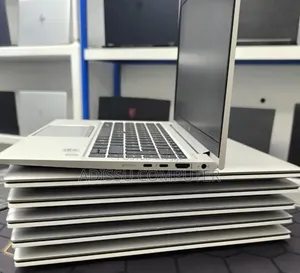 New Laptop HP EliteBook 840 G7 16GB Intel Core i5 SSD 512GB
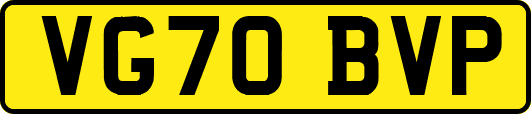 VG70BVP
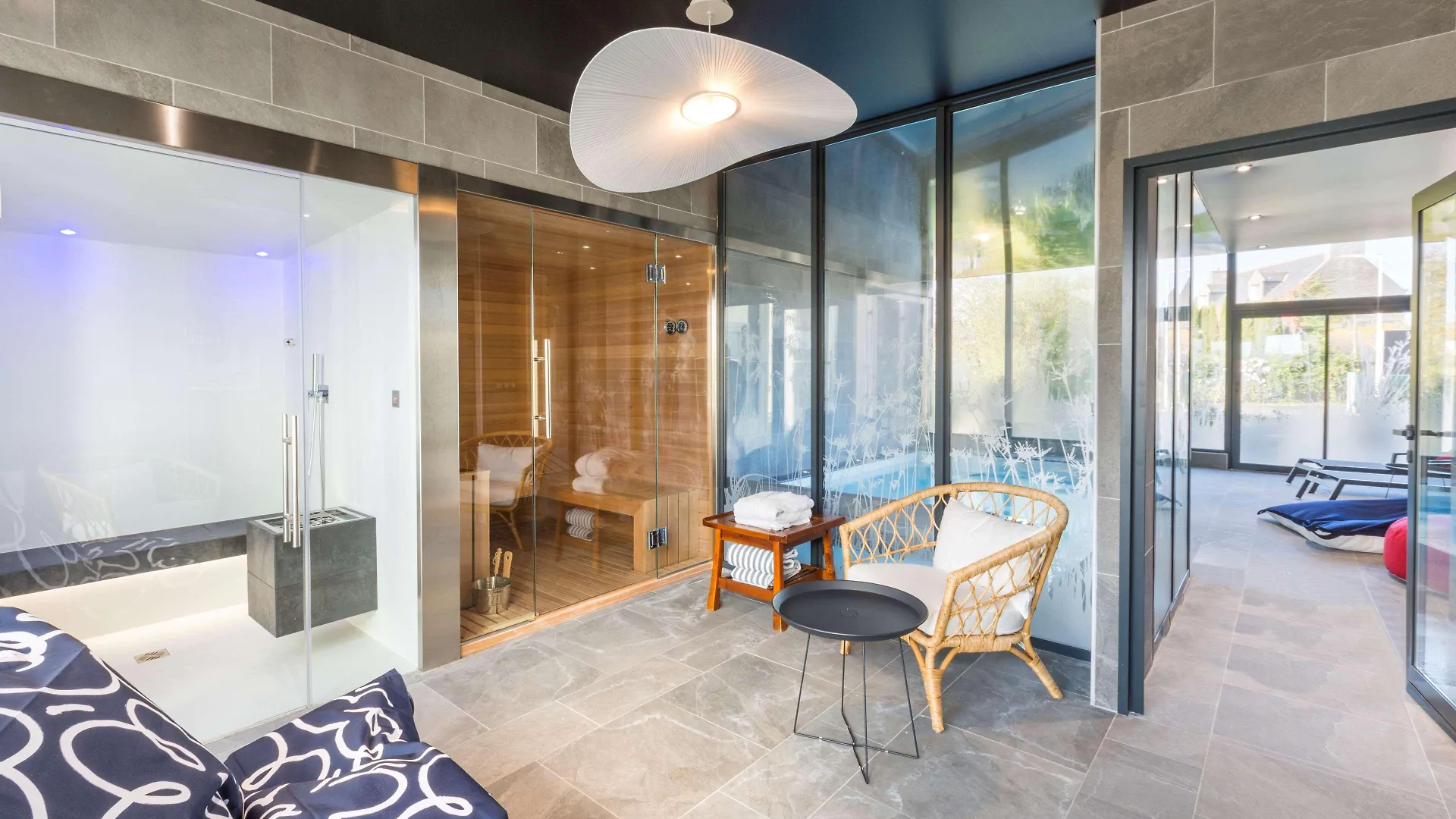 Best Western Plus Europe Hotel Brest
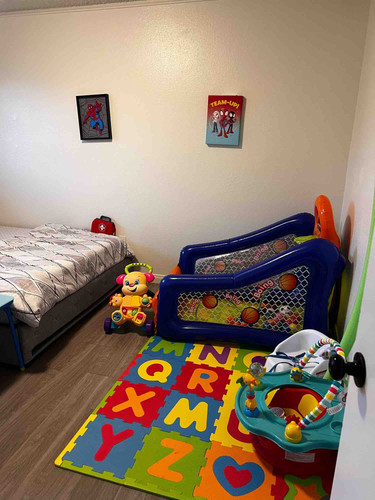 Photo of Miaad Al Lamiae Daycare - El Cajon, CA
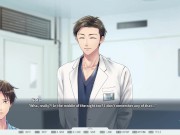 The Patient S Remedy Episode 1 - Story Intro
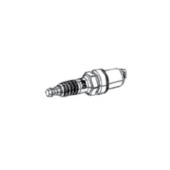 Stecker Rvm120 Zündkerze 5930571-01 Stecker Rvm120 Zündkerze 5930571-01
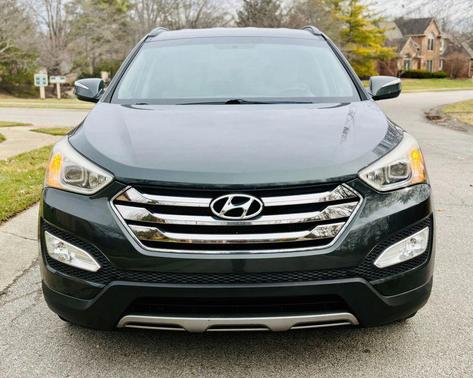 2013 Hyundai SANTA FE Sport 2.0T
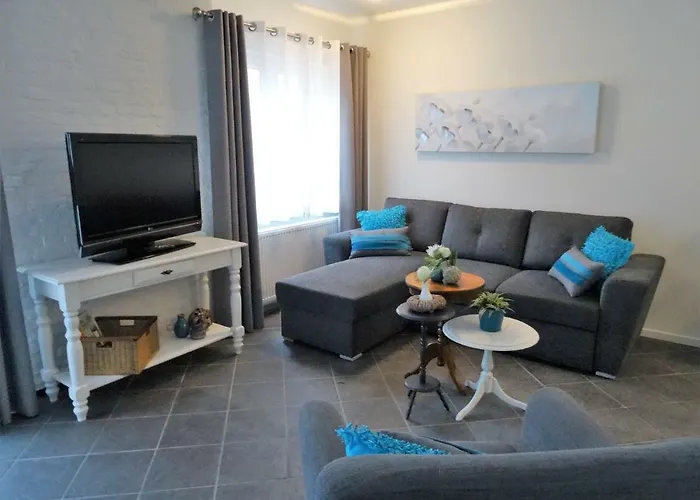 Appartement Aan 't Kapelke Valkenburg aan de Geul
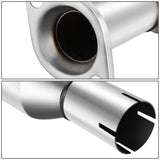 2009-2012 Ford Escape Exhaust Performance System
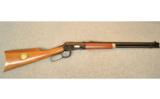 Winchester 94 Carbine .30-30 Buffalo Bill Commemorative - 1 of 9
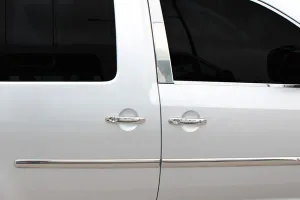 OMSA VW Caddy Krom Kapı Kolu 4 Kapı 2003-2010 Arası - Görsel 5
——
# WORK TO BE COMPLETED
In your copy, include every record word for word but no pictures.

# WRITTEN SOLUTION
 New Laptop HP EliteBook 840 G7 16GB Intel Core i5 SSD 512GB
 VG70BVP
 Best Western Plus Europe Hotel Brest
 Photo of Miaad Al Lamiae Daycare - El Cajon, CA
 The Patient S Remedy Episode 1 - Story Intro
 Stecker Rvm120 Zündkerze 5930571-01 Stecker Rvm120 Zündkerze 5930571-01
 2013 Hyundai SANTA FE Sport 2.0T
 Appartement Aan 't Kapelke Valkenburg aan de Geul
 2009-2012 Ford Escape Exhaust Performance System
 Winchester 94 Carbine .30-30 Buffalo Bill Commemorative - 1 of 9
 OMSA VW Caddy Krom Kapı Kolu 4 Kapı 2003-2010 Arası - Görsel 5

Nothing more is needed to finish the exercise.